The columns of \( \boldsymbol{X} \) are linearly dependent. We see this easily since the the first column is the row-wise sum of the other two columns. The rank (more correct, the column rank) of a matrix is the dimension of the space spanned by the column vectors. Hence, the rank of \( \mathbf{X} \) is equal to the number of linearly independent columns. In this particular case the matrix has rank 2.

Super-collinearity of an \( (n \times p) \)-dimensional design matrix \( \mathbf{X} \) implies that the inverse of the matrix \( \boldsymbol{X}^T\boldsymbol{X} \) (the matrix we need to invert to solve the linear regression equations) is non-invertible.
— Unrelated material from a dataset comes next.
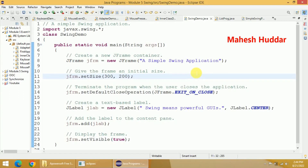Hi, welcome back. In this video, I will discuss how to create a swing application and then display some message within that swing application. If you want to create a swing application, the very first thing is to import a library called javax.swing and then we need to create a class.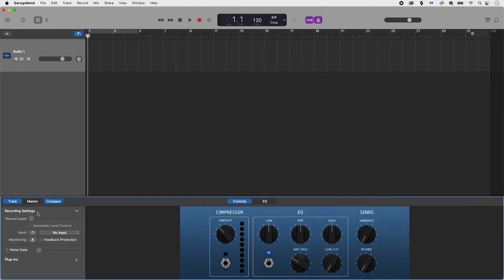To set the input to mono or stereo, you can toggle between one circle for mono and two overlapping circles for stereo.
If we have a square matrix that does not have an inverse, we say this matrix singular. The example here demonstrates this

$$ \begin{align*} \boldsymbol{X} & = \left[ \begin{array}{rr} 1 & -1 \\ 1 & -1 \end{array} \right]. \end{align*} $$

We see easily that \( \mbox{det}(\boldsymbol{X}) = x_{11} x_{22} - x_{12} x_{21} = 1 \times (-1) - 1 \times (-1) = 0 \). Hence, \( \mathbf{X} \) is singular and its inverse is undefined. This is equivalent to saying that the matrix \( \boldsymbol{X} \) has at least an eigenvalue which is zero.